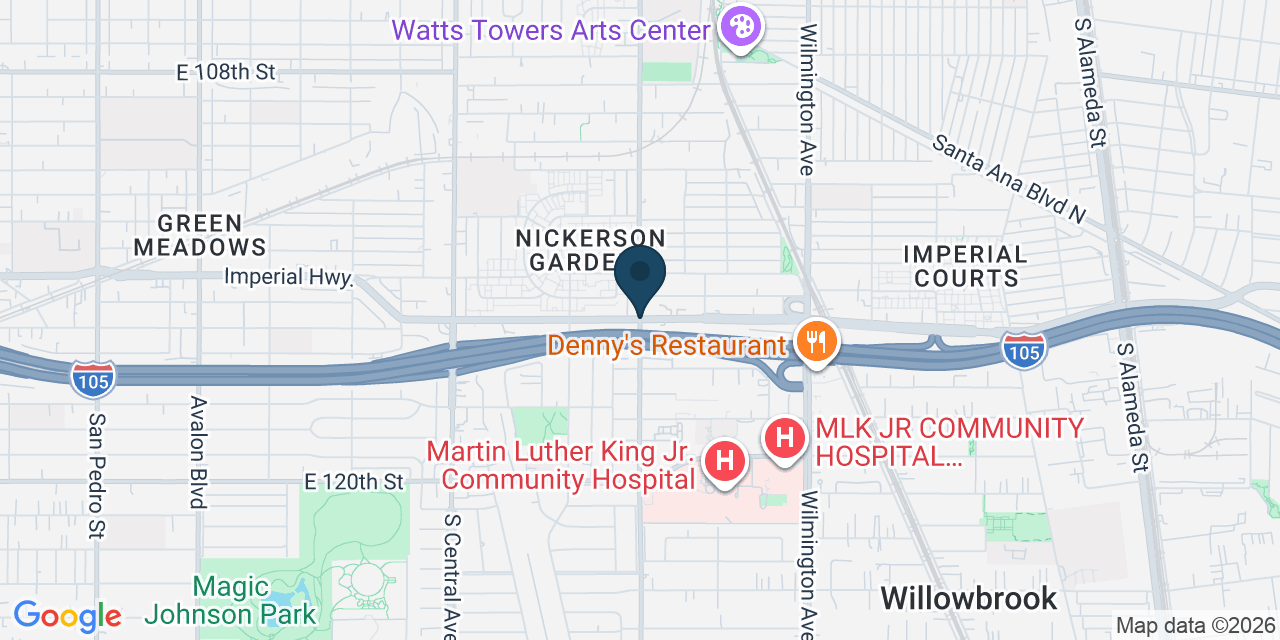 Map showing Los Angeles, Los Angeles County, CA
+===+
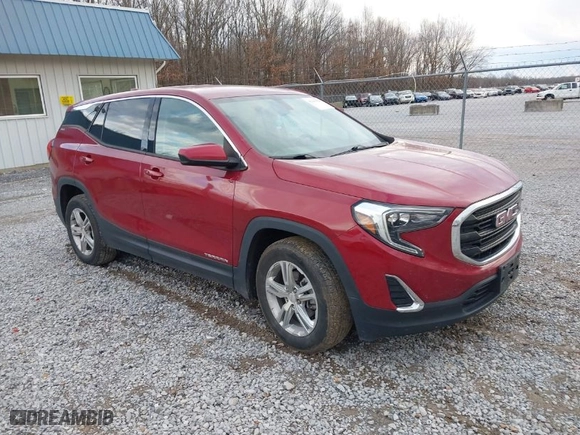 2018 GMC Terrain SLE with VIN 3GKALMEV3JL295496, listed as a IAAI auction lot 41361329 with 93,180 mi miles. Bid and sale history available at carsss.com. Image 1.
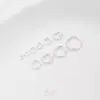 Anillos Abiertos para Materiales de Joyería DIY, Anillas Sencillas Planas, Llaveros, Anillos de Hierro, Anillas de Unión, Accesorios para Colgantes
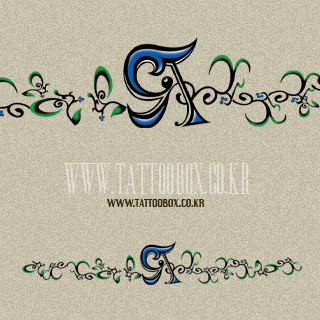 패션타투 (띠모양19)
+===+
> [EXERCISE OBJECTIVE]
Transcribe only the lines above that start at the line containing "2018 GMC Terrain" and end at the line containing "패션타투 (띠모양19)". Omit pictures.

> [OUTPUT FOR THIS TASK]
 2018 GMC Terrain SLE with VIN 3GKALMEV3JL295496, listed as a IAAI auction lot 41361329 with 93,180 mi miles. Bid and sale history available at carsss.com. Image 1.
 Anillos Abiertos para Materiales de Joyería DIY, Anillas Sencillas Planas, Llaveros, Anillos de Hierro, Anillas de Unión, Accesorios para Colgantes
 패션타투 (띠모양19)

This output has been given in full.